In terms of pop culture success, the Minions movies are quite successful. The quirky, lovable little yellow henchmen from Despicable Me have arguably overshadowed all of their co-stars and become the biggest thing in animation in a generation.
That's why when Minions: The Rise of Gru hit theaters worldwide, millions of fans flocked to see it, and it grossed hundreds of millions of dollars at the box office. While we're all familiar with the Minions: Rise of Gru ending by now, it seems as though viewers in China were given an entirely different experience when they saw the movie. So, why did China change the ending to Minions: Rise of Gru? Here's what we know.
Why did China change the ending to 'Minions: Rise of Gru'?
In the globally-released version of Minions: Rise of Gru, Gru and his mentor Wild Knuckles ride off into the sunset to conclude the film, setting up a life of criminal activity that would continue into Despicable Me. However, China's version of the film has a very different ending.

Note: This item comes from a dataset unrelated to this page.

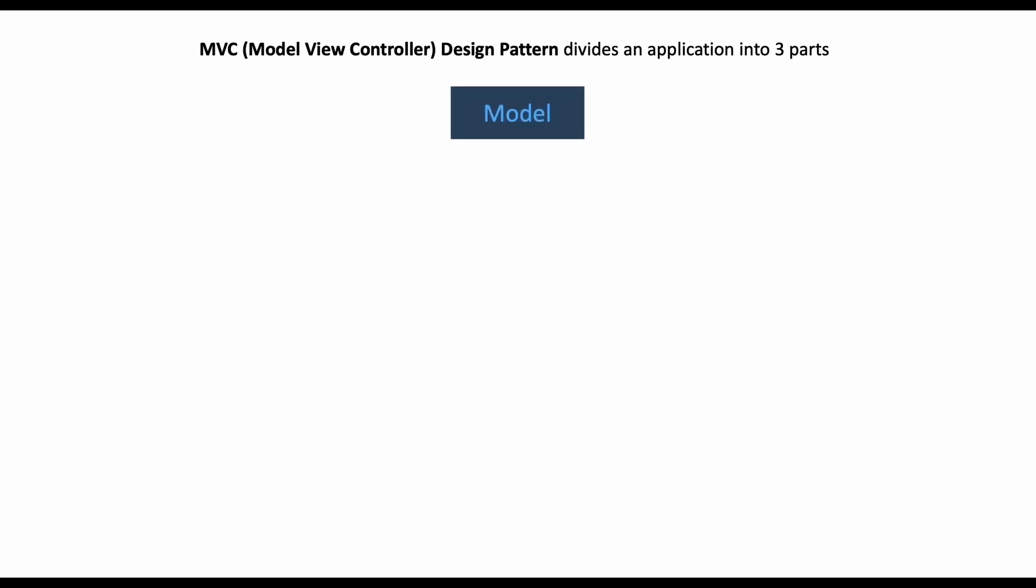There are already really nice blog posts and videos explaining the MVC pattern, but it still didn't feel right to skip this. So let me give you a quick overview of what MVC is and how it works. It stands for Model View Controller design pattern and basically divides an application into three semantic parts.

Indeed, per the BBC, which referenced posts and screenshots of the film that were shared on the Chinese website Weibo, government censors replaced the closing sequence of the film with a series of subtitled still images that explain China's alternate ending for the film. It goes without saying that what they created is a far departure from what Minions: Rise of Gru was intended to set up as a prequel.

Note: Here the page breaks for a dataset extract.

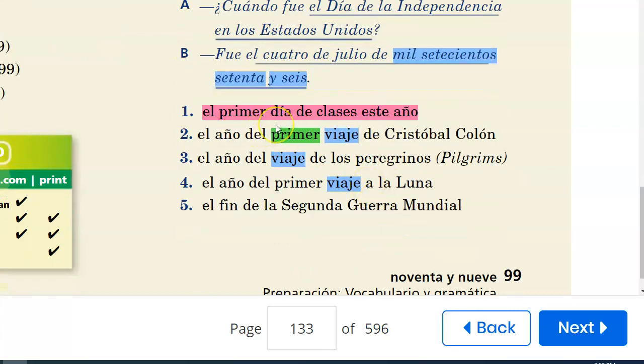The dates we'll cover include: the start of the academic year; el año del primer viaje de Cristóbal Colón — the first arrival of Christopher Columbus to the Americas; el año del viaje de los peregrinos — when the Pilgrims first came to the Americas; el año del primer viaje a la luna — when we first successfully landed on the moon; and el fin de la segunda guerra mundial — the end of World War II.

In China, the film ends with Wild Knuckles being caught and incarcerated for 20 years after failing at a heist. Over time, he cultivates a "love of acting" and goes on to form a theater group.
Gru, on the other hand, receives the nice guy treatment from China. In their version of the film, the villain "returned to his family" and considers being a father to his three daughters his "biggest accomplishment."

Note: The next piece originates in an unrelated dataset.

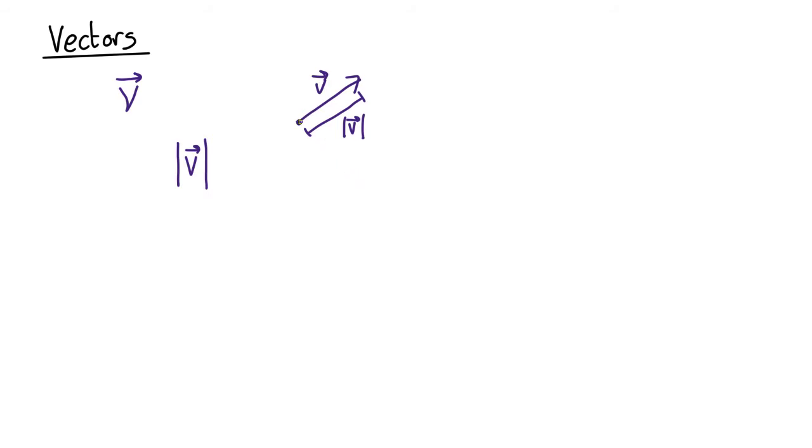So for example, this vector and this one point in the same direction but this one has a larger magnitude, whereas this vector has a shorter magnitude even though it points in the same direction.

As for the reasoning behind China's decision to change the film, the government hasn't issued an official statement. It could be speculated that the government's emphasis on Gru being a proud father of three has something to do with China recently changing its laws to allow parents to have three children, not just two.
This is also not the first time that China has altered a famous movie's ending to fit their narrative. In early 2022, the hit 1999 film Fight Club hit China's streaming service, Tencent Video, with a modified ending. Instead of the famous scene where the narrator and Marla embrace as buildings explode around them, Chinese censors dubbed it with a plain text message telling viewers that authorities won and saved the day. After backlash, the film was reverted almost wholly to its original state.